6/16/2015

Love Never Dies

Spring
(USA, 105 min.)
Dir. Justin Benson and Aaron Moorehead, Writ. Justin Benson
Starring: Lou Taylor Pucci, Nadia Hilker
Love never dies. Vampires, werewolves, and other monsters of lore make horror one of the most romantic genres even if it usually entails bloods, guts, and gore. Love hurts, right?


Love bites hard when Evan (Lou Taylor Pucci) jets off to Italy following the death of his mom and encounters a lovely young woman named Louise (Nadia) in a seaside tourist trap in Bologna. He wants to grab a drink, but she wants a skip the small talk and head to bed. He wants to use a condom, but she doesn’t want to play safe. The morning after, Evan wakes up nipped by the love bug.

Louise isn’t a vampire, nor is she a werewolf. She, however, is afflicted by the same curse of immortality that makes love rather difficult when a girl’s pushing 2000 years of age in a twenty-five-year-old’s body and eternal youth gives her the occasional bloodlust. Simply put, she and Evan can’t grow old together for a variety of reasons.

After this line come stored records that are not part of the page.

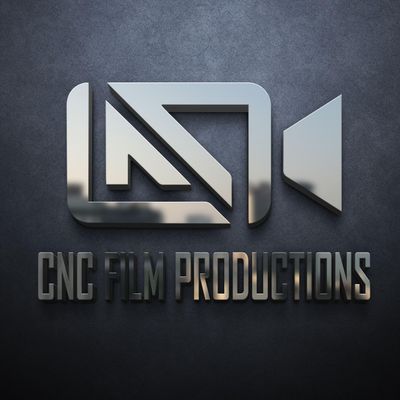 Avatar for CNC Film Productions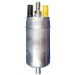 Bosch 69591 Original Equipment Replacement Electric Fuel Pump (69591, BS69591)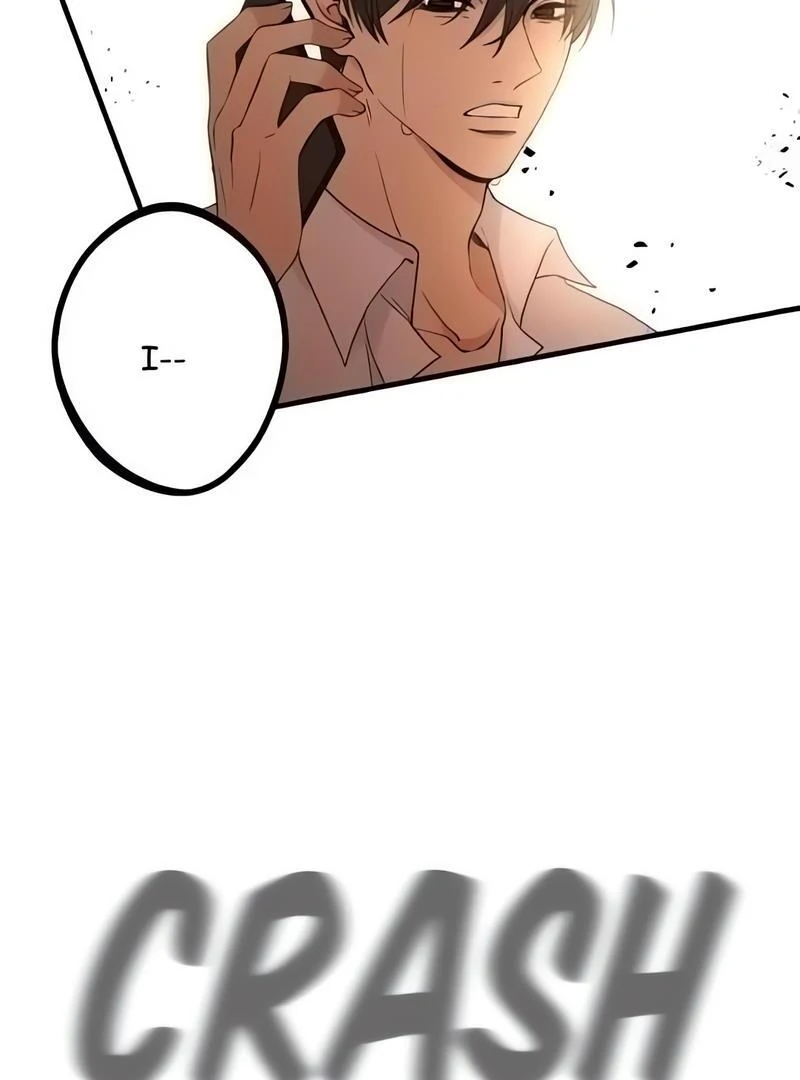My Lovely Bodyguard Chapter 119 - Page 2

The nevertheless make the most of it as she agrees to see him once the sun goes down and the mill about town, drinking wine, strolling, and chatting Julie Delpy and Ethan Hawke style. (Spring warrants the Richard Linklater likeness it frequently bestows upon itself.) Young love blossoms at every turn, partly due to the love-struck grin on Evan’s face and partly due to the spring-like blooming that flourishes whenever Louise runs her hand on the earth or smells a flower. She’s a force of both life and death—a most unusual beast.

Spring builds a simmering mystery as it gradually reveals Louise’s monstrous character. Her flesh rots. She molts. She eats people (albeit douchey American tourists). She performs ritual sacrifices and gets scorched by the sun, but other times she waltzes through daylight like an invincible vampire. She doesn’t infect Evan through sex, for Spring isn’t the usual sex-as-transgression trope one sees in similar films like Afflicted. Just what on earth is he? She’s a man-eater and a heartbreaker, for one, since Evan falls so hard for her it’s not even funny.

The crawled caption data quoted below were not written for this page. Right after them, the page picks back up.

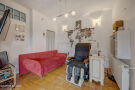 imagine galerie
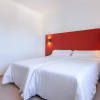 Отель The Red Hotel by Ibiza Feeling - Adults only, фото 43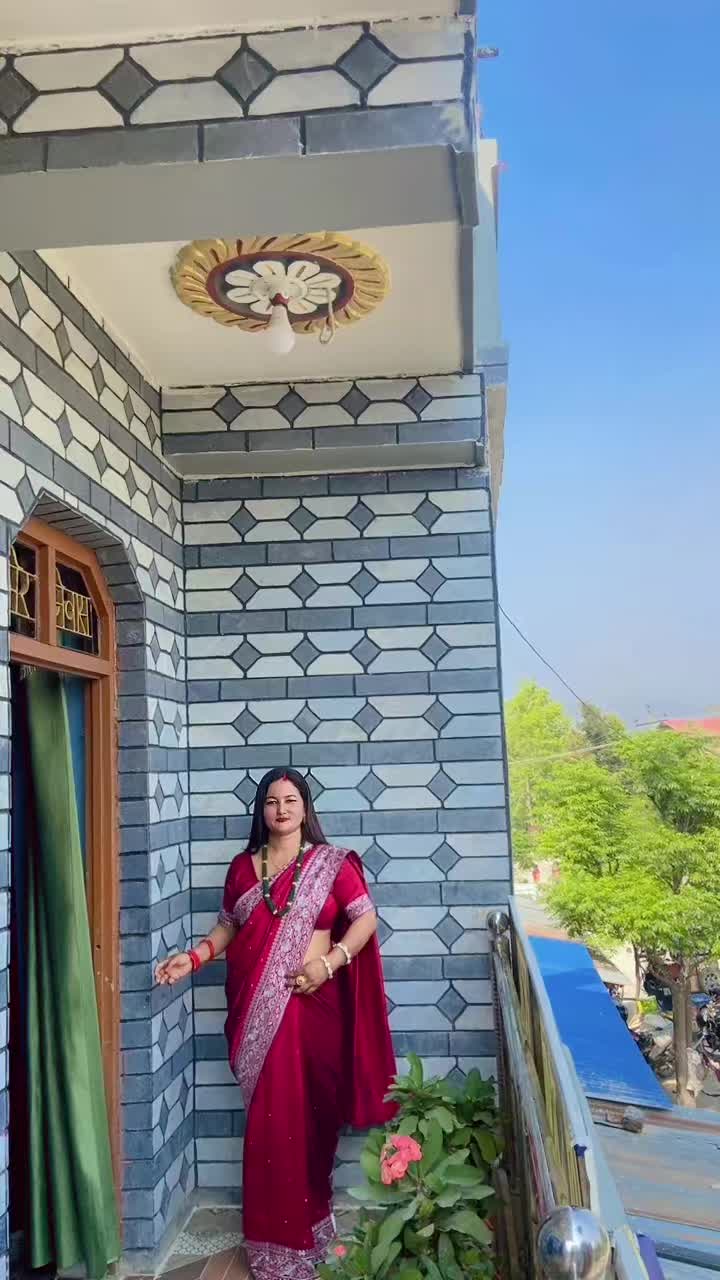 @KAMALA RAWAT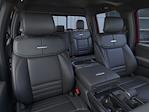 2025 Ford F-150 SuperCrew Cab 4WD Pickup for sale #5N4605 - photo 13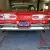 1958 Ford Fairlane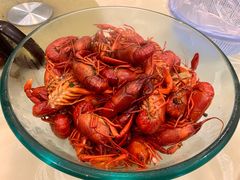 -羅記小厨香吧岛龙虾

Writer/directors Justin Benson and Aaron Moorehead craft an intriguing hybrid species to match their mystical monster. Spring moves like a bittersweet tale of forbidden love as Evan and Louise stroll in the settling sunlight and fall in love à la Celine and Jesse in Before Sunrise. The twist, though, is that the audience never knows if Louise is going to burst into flames when the sun comes up or whether she’s going to chomp down on Evan when the mood hits her just right. The film teases the audiences with the sweetness of the love story and the mysteriousness of Louise’s condition.

The picturesque location, beautifully shot by Moorhead, builds the romantic and supernatural atmosphere alike as it looks gorgeous in the daytime and eerily sinister by sundown. Spring adds to Louise’s mystique with a slight play on art, religion, and antiquities by marking their courtship (and a few clues to her curse) with signals from classical art and lore. The film keeps one guessing, like a lover debating the feeling’s mutual enough to propose a second date.

Spring, above all, has an infectious sense of humour. The well-cast leads play into the dark comedy of the situation as Benson and Moorehead gradually push the film towards the surreal to test the limits of what Evan and Louise will do for love. Smart framing and blocking creates physical comedy with a series of will-she-or-won’t-she cliffhangers as Louise’s monster struggles to contain its passions. It could end with a kill or with a kiss, and Spring lets either little death smell as sweet as a rose.

Rating: ★★★½ (out of ★★★★★)

Spring screened in Ottawa at The Mayfair.